(Records drawn from a dataset):
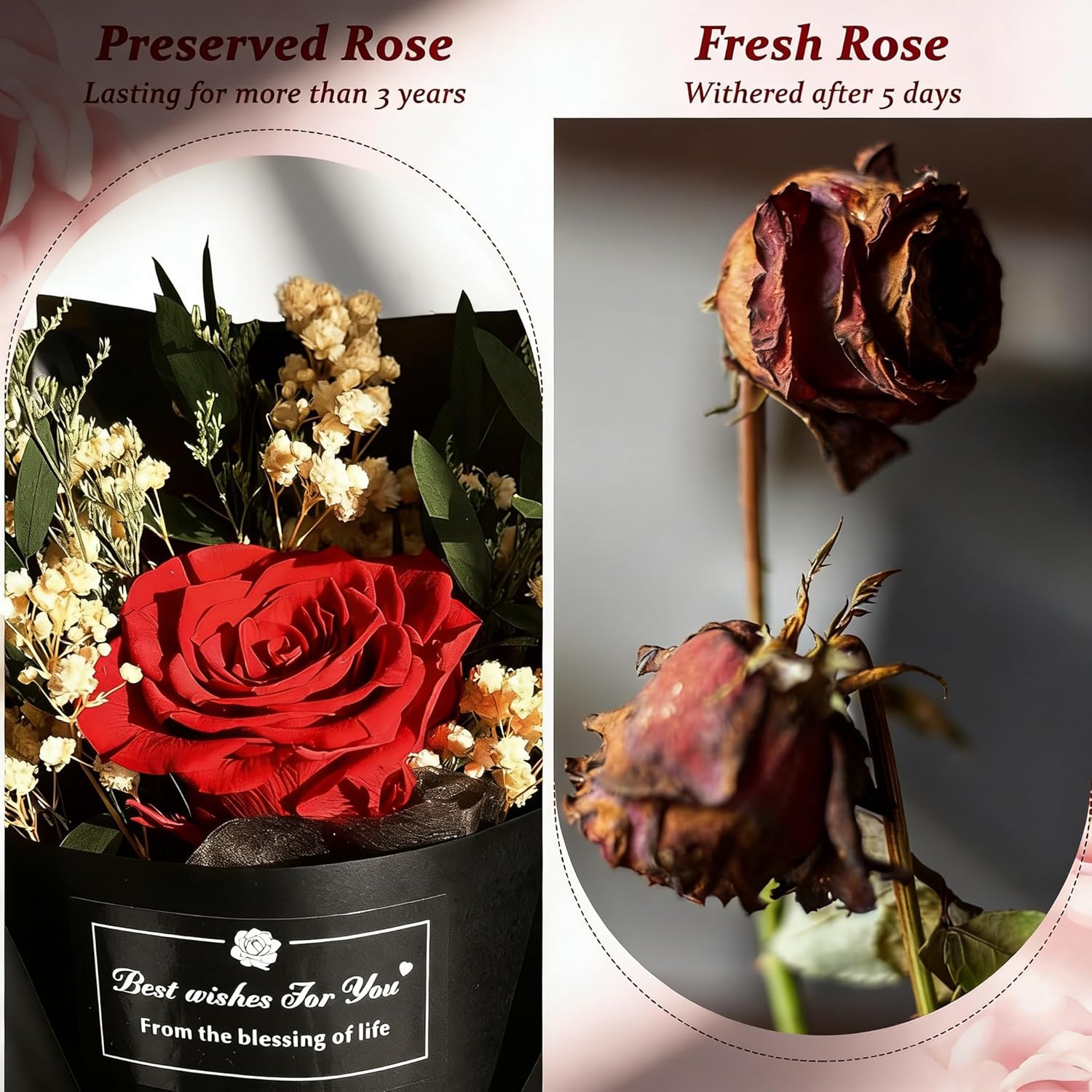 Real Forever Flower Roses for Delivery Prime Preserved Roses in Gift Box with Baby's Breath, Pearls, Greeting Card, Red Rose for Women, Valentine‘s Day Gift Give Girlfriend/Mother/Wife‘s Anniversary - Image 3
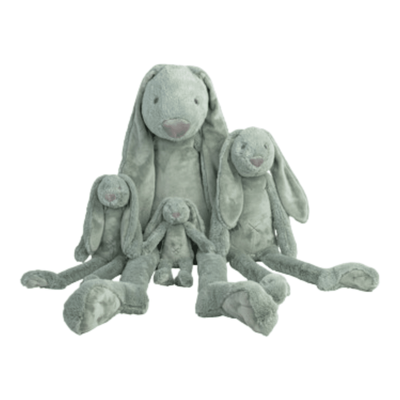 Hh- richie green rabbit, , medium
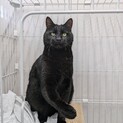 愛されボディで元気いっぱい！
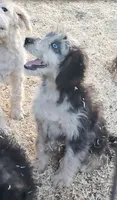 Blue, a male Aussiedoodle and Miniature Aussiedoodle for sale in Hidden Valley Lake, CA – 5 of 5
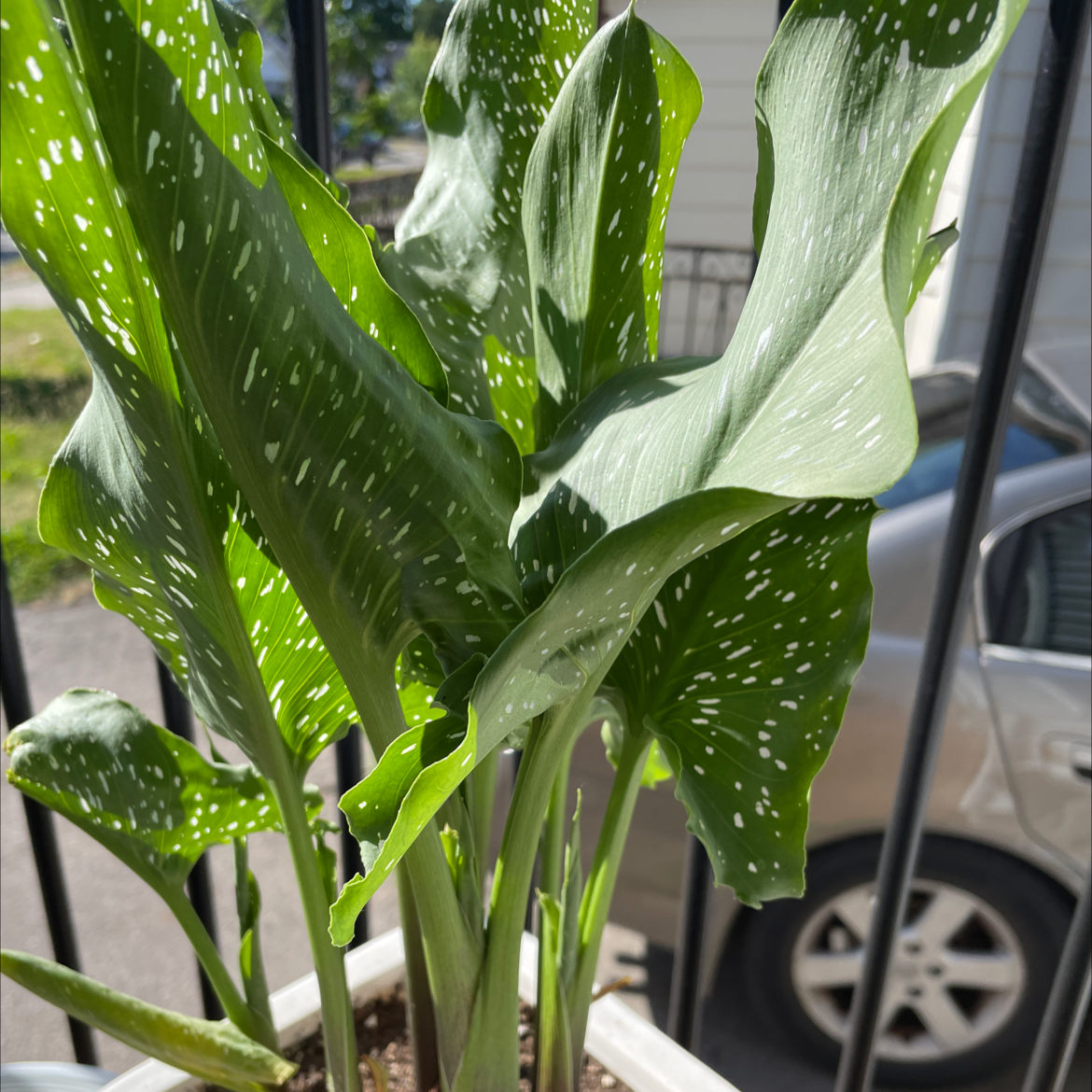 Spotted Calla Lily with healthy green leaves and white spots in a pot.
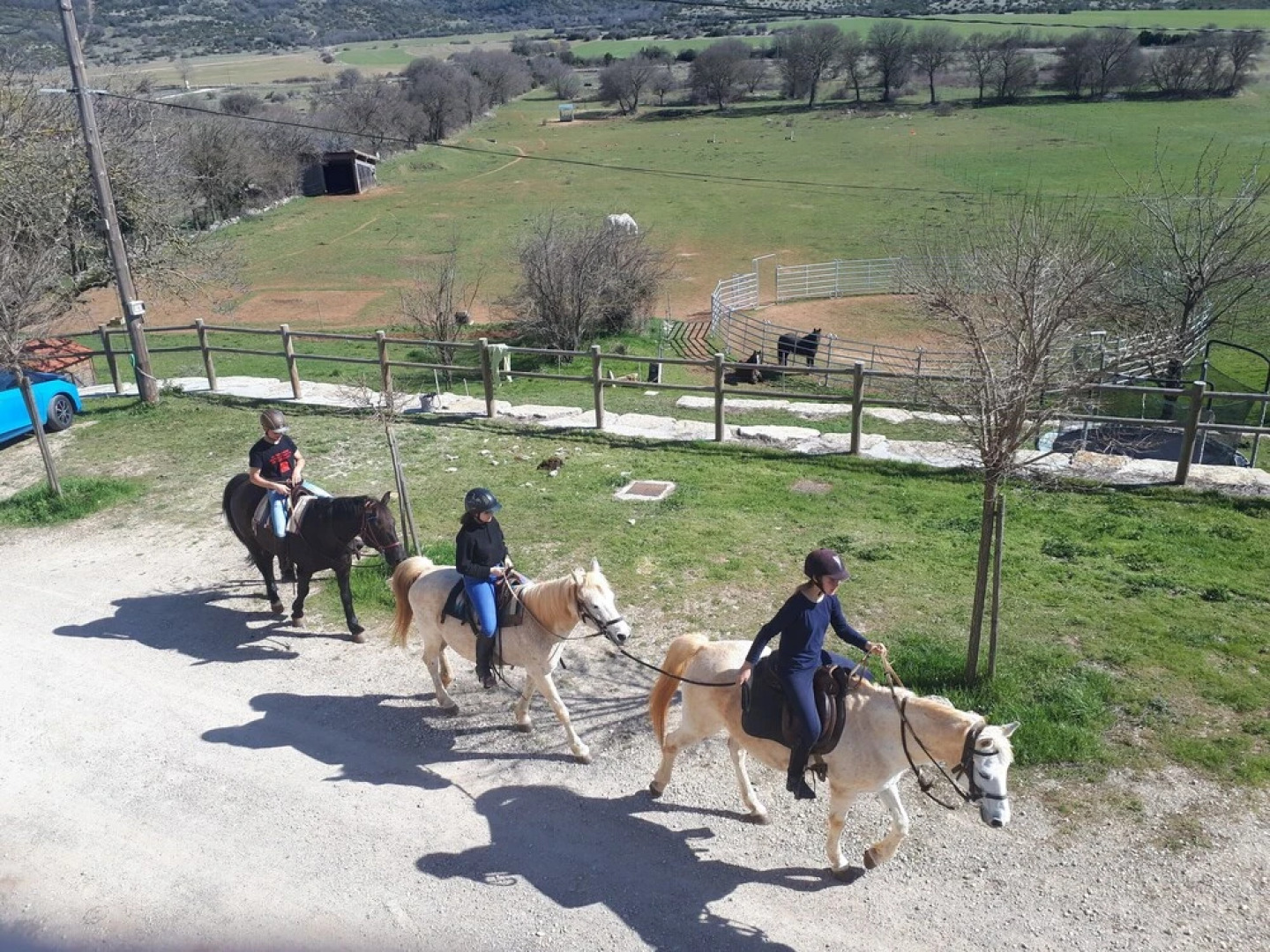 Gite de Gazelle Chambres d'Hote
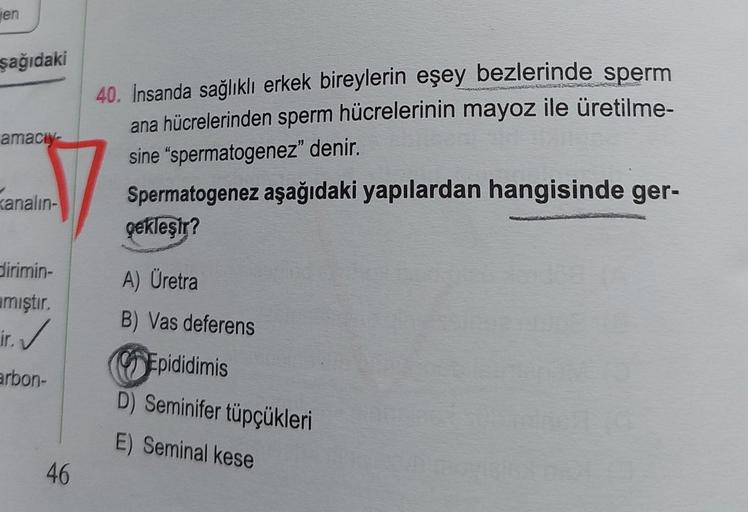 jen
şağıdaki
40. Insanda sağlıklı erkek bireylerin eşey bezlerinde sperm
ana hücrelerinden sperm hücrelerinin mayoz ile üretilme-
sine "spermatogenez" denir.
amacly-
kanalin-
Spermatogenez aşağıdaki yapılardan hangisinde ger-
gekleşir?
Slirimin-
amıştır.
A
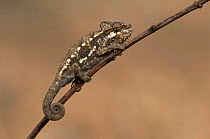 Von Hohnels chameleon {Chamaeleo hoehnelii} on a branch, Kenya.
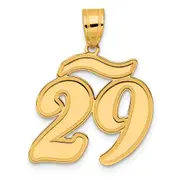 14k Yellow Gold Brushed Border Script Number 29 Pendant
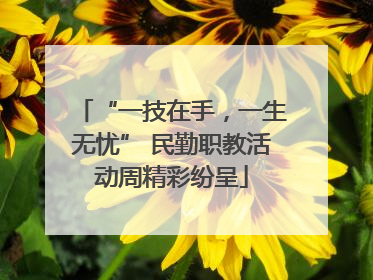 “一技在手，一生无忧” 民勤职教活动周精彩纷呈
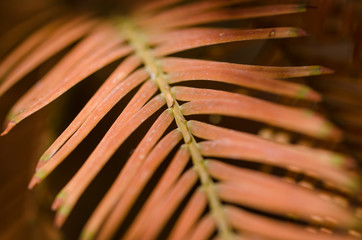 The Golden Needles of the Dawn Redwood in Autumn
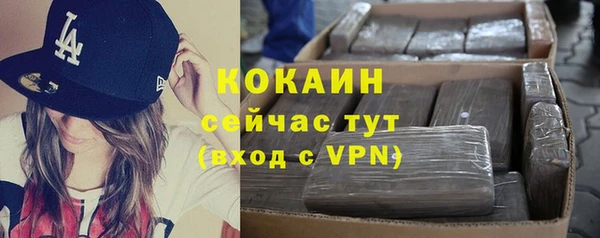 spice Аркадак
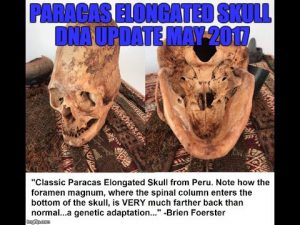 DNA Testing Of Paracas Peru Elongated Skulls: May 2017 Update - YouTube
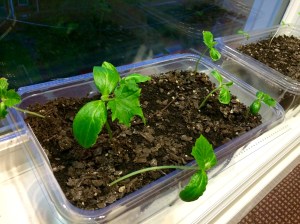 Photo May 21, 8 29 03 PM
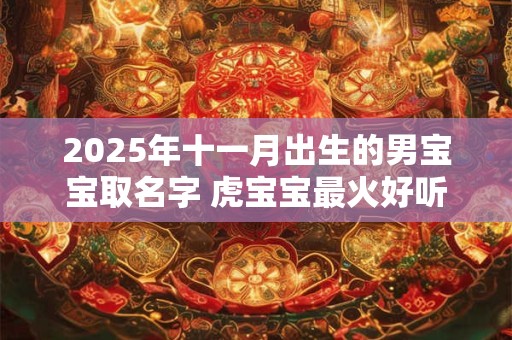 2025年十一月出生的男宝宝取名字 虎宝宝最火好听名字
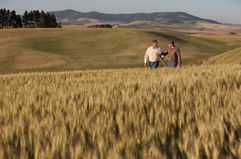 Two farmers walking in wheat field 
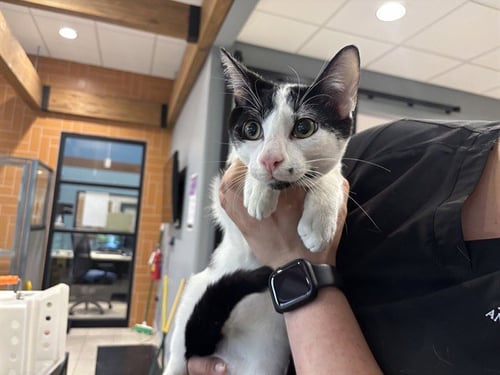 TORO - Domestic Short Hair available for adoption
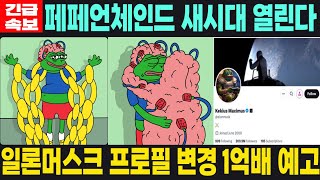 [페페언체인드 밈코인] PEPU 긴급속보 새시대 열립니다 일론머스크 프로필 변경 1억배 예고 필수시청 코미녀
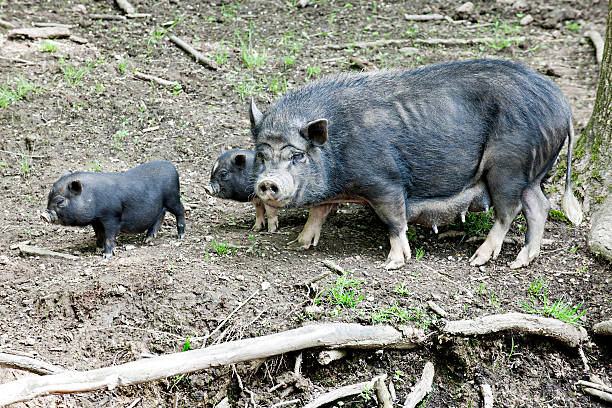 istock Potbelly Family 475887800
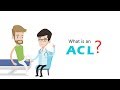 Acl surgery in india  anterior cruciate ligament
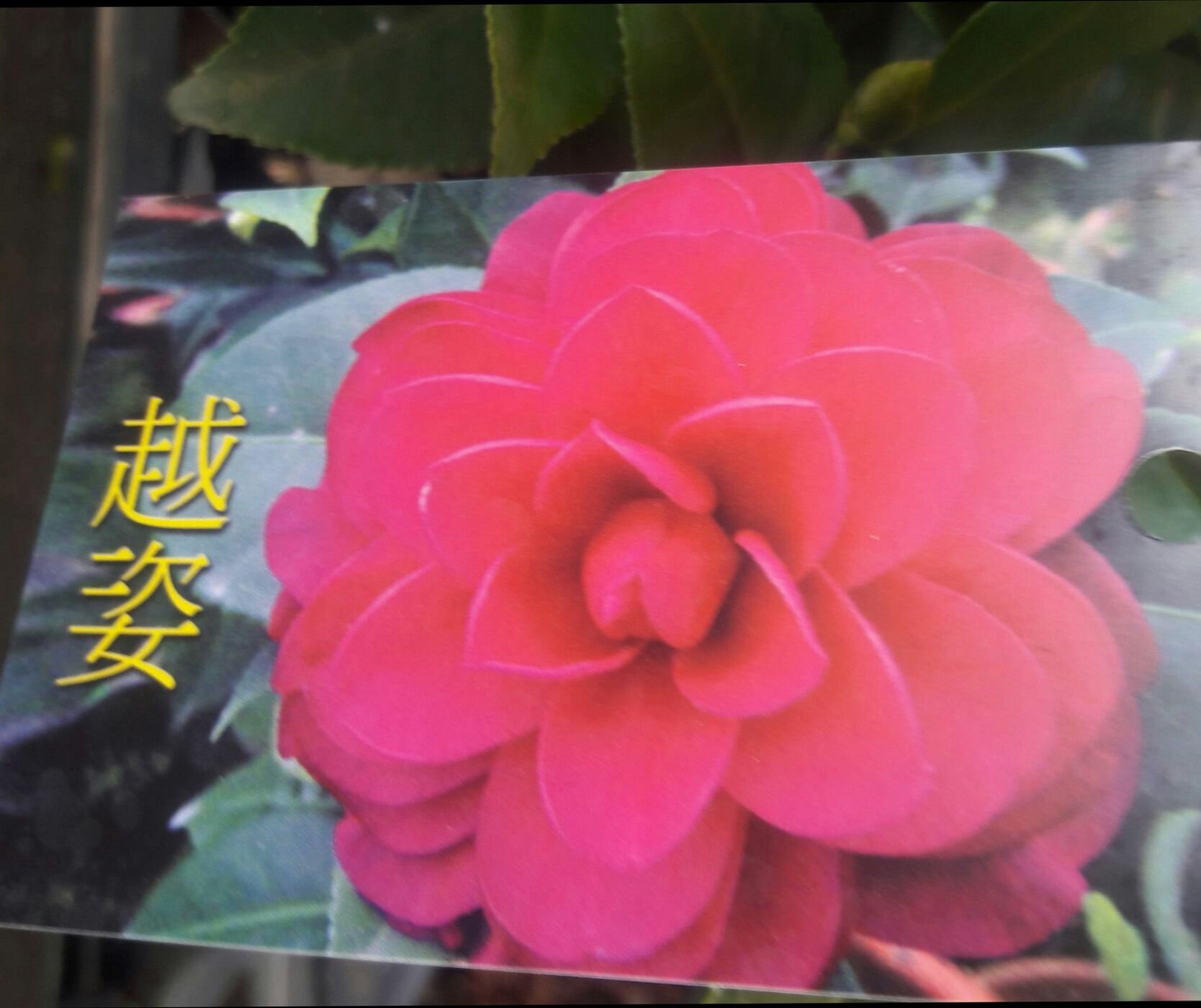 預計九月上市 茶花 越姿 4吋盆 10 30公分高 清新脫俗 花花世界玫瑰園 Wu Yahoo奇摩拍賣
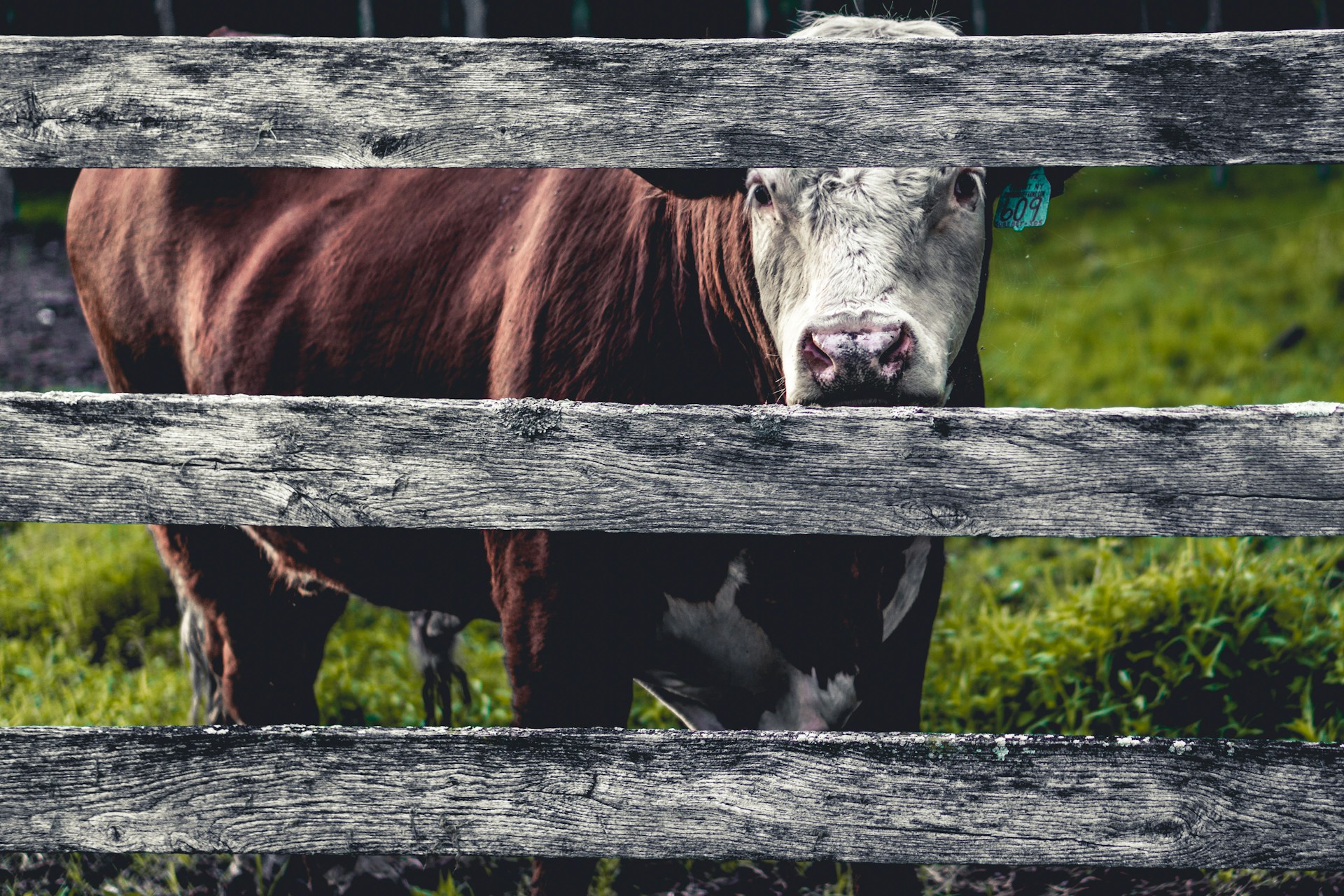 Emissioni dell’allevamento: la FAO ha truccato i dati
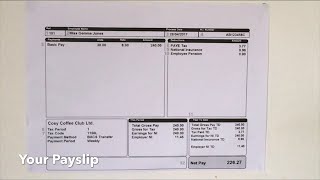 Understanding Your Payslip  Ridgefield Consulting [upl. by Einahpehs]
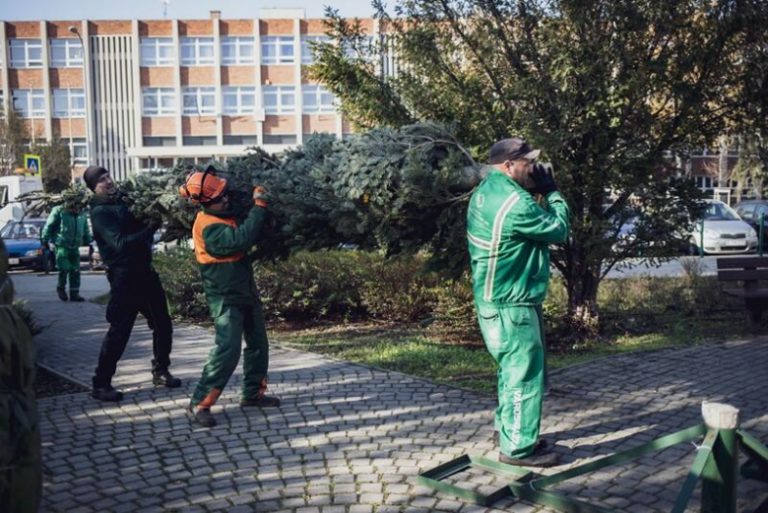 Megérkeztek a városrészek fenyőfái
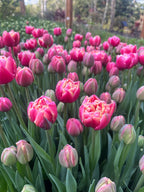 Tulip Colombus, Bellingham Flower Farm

(WHAT TO PRODUCE): Could the lines above be copied out exactly, with no image carried over?

(WRITTEN RESPONSE):
 Real Forever Flower Roses for Delivery Prime Preserved Roses in Gift Box with Baby's Breath, Pearls, Greeting Card, Red Rose for Women, Valentine‘s Day Gift Give Girlfriend/Mother/Wife‘s Anniversary - Image 3
 Hh- richie green rabbit, , medium
 愛されボディで元気いっぱい！
 Blue, a male Aussiedoodle and Miniature Aussiedoodle for sale in Hidden Valley Lake, CA – 5 of 5
 Spotted Calla Lily with healthy green leaves and white spots in a pot.
 Gite de Gazelle Chambres d'Hote
 jen
şağıdaki
40. Insanda sağlıklı erkek bireylerin eşey bezlerinde sperm
ana hücrelerinden sperm hücrelerinin mayoz ile üretilme-
sine "spermatogenez" denir.
amacly-
kanalin-
Spermatogenez aşağıdaki yapılardan hangisinde ger-
gekleşir?
Slirimin-
amıştır.
A
 Von Hohnels chameleon {Chamaeleo hoehnelii} on a branch, Kenya.
 14k Yellow Gold Brushed Border Script Number 29 Pendant
 “一技在手，一生无忧” 民勤职教活动周精彩纷呈
 The Golden Needles of the Dawn Redwood in Autumn
 spice Аркадак
 DNA Testing Of Paracas Peru Elongated Skulls: May 2017 Update - YouTube
 Photo May 21, 8 29 03 PM
 2025年十一月出生的男宝宝取名字 虎宝宝最火好听名字
 Two farmers walking in wheat field 
 TORO - Domestic Short Hair available for adoption
 [페페언체인드 밈코인] PEPU 긴급속보 새시대 열립니다 일론머스크 프로필 변경 1억배 예고 필수시청 코미녀
 istock Potbelly Family 475887800
 Acl surgery in india  anterior cruciate ligament
 預計九月上市 茶花 越姿 4吋盆 10 30公分高 清新脫俗 花花世界玫瑰園 Wu Yahoo奇摩拍賣
 Emissioni dell’allevamento: la FAO ha truccato i dati
 Understanding Your Payslip  Ridgefield Consulting [upl. by Einahpehs]
 Megérkeztek a városrészek fenyőfái
 Tulip Colombus, Bellingham Flower Farm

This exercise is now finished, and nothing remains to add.